__About this task__. Your task is to copy the listing exactly. Drop any pictures from the copy.

Dataset extract: Begin

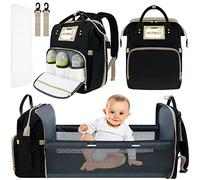 Guniata Sac à langer, sac de couchage de voyage avec lit d'enfant pliable et matelas à langer, sac de couchage sarcophage avec poche isolée et bandes réfléchissantes pour l'extérieur, le camping, Noir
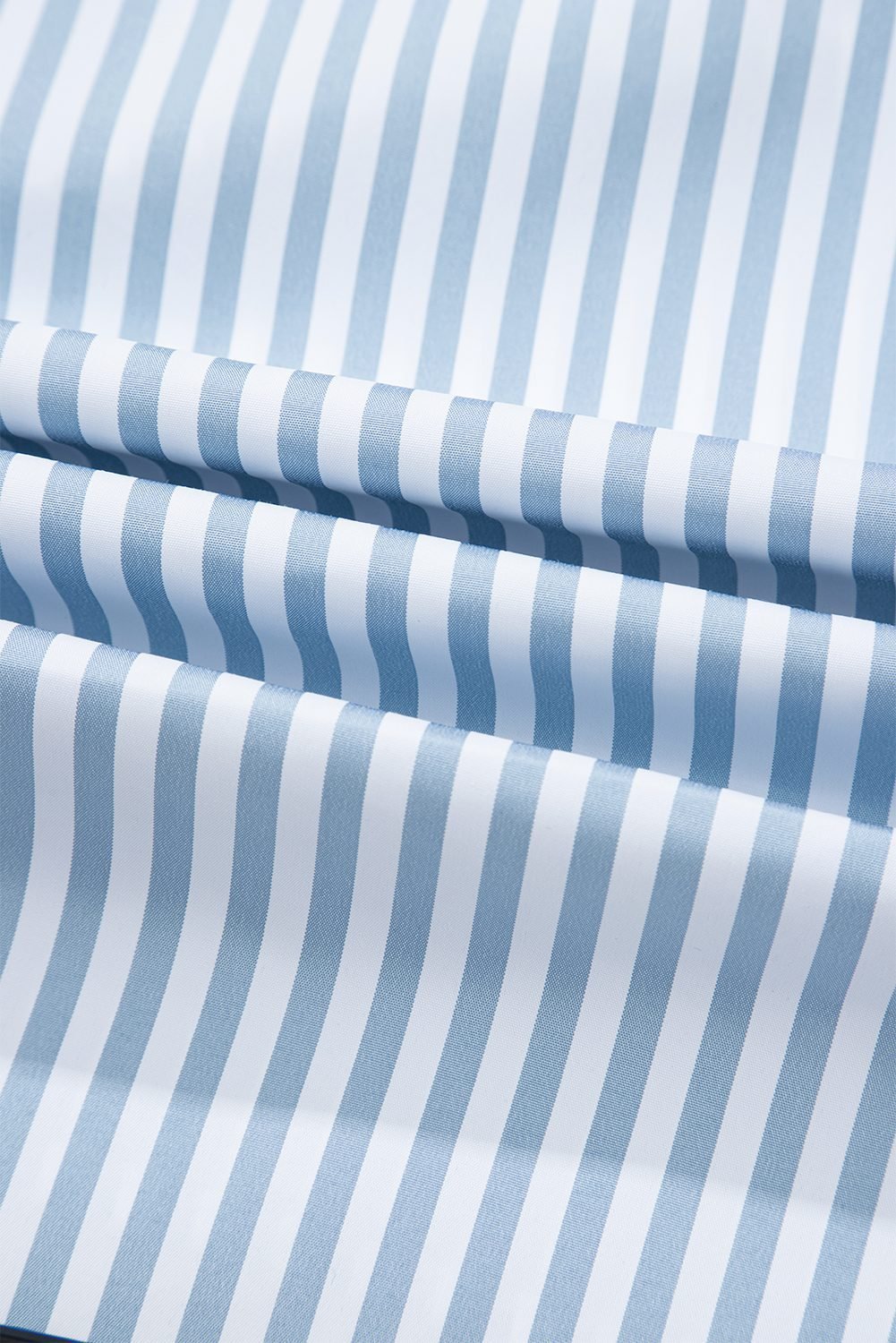 Sky Blue Stripe Shirred Detail Half Placket Collared Long Sleeve Fall Shirt
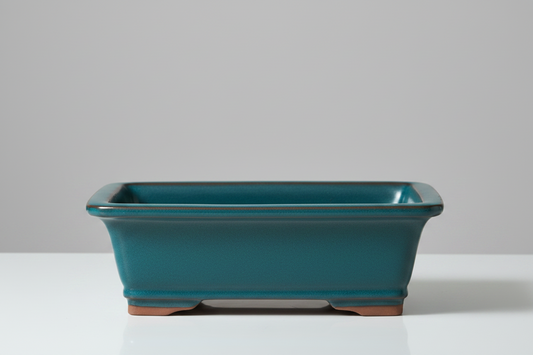 31cm Glazed Bonsai Pot | Rectangle | 31cm x 26cm x 10cm | Blue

Dataset extract: End

__Exercise answer__.
 Guniata Sac à langer, sac de couchage de voyage avec lit d'enfant pliable et matelas à langer, sac de couchage sarcophage avec poche isolée et bandes réfléchissantes pour l'extérieur, le camping, Noir
 Sky Blue Stripe Shirred Detail Half Placket Collared Long Sleeve Fall Shirt
 31cm Glazed Bonsai Pot | Rectangle | 31cm x 26cm x 10cm | Blue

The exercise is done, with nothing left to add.